- 2017年5月11日
- [国際事務局発表ニュース]
- 国・地域:インドネシア
- トピック:企業の社会的責任
インドネシア政府は、同国のパーム油産業における人権侵害を調査する委員会を設置するという約束を果たすべきである。
アムネスティは昨年11月、パーム油生産・販売で世界最大手のウイルマー・インターナショナルの子会社や仕入先がインドネシアで営む農園での労働搾取の実態を調べ、まとめた報告書を公表した。
人権侵害にはさまざまな事例があった。極端に高いノルマを課されて長時間働かざるをえなかったり、長時間労働に不満を言う女性が、そもそも低い賃金をさらに引き下げると脅されたり、わずか8才ほどの子どもが危険で過酷な労働をさせられたりしていた。また、毒性の強い除草剤の使用で、労働者が深刻な中毒症状を発症していた。
パーム油産業は、同国にとって経済の牽引役であり、労働者にとっても大事な生計手段だ。国際人権基準を満たしていない企業の存在は、国のイメージを損ない、目指す経済成長の足かせになりかねない。
アムネスティは、ウイルマー社が労働者や労働組合員に対し、アムネスティの調査の結果を否定するよう圧力を加えているという、驚くべき報告も受けている。
報告から4カ月経ったが、政府はいまだに何の対応も取っていない。即時に、委員会を立ち上げ、パーム油農園の労働者に対する人権侵害の調査を開始すべきだ。

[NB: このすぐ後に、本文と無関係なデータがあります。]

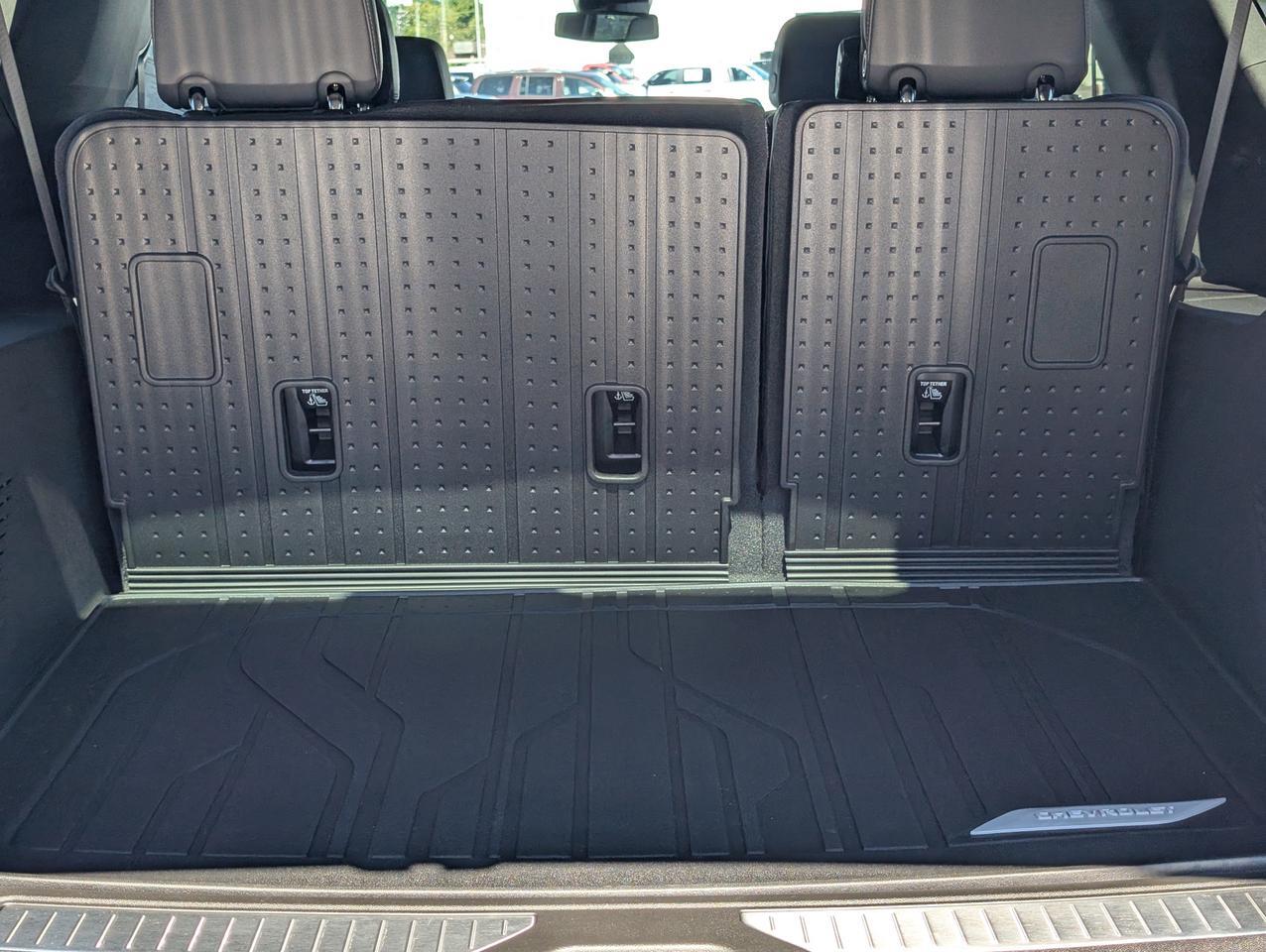 2026 Chevrolet Suburban RST Dalton GA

政府は、調査委員会を設置すると発表しているが、誰をトップに置くのか、どう機能させるのか、どういう成果を出すのか、といったことには触れていない。
労働省は、調査委員会の詳細を明らかにすべきだ。人権侵害の調査に実効性を持たせるには、調査過程の透明性が欠かせないからだ。
全過程の透明性の実現には、法規の違反を監視する調査官の大幅な増員が必要であり、また、捜査、起訴、罰則などの情報公開も必須だ。
アムネスティはさらに、EU諸国に対し自国内の企業を指導し、原材料・商品調達における国際基準順守を徹底させるよう求めている。
今月、パーム油生産国協議会とEU諸国との会議が開かれる。開催にあたり、アムネスティはEUに対し、輸入されたパーム油が、労働搾取とは無関係であることを確認するよう求めている。
強制労働に終止符を打つ責任は、ウイルマー社であれ、その取引企業であれ、パーム油産業に関わるすべての企業にある。パーム油生産に直接関わっていないからといって、人権侵害に無関心であることは許されない。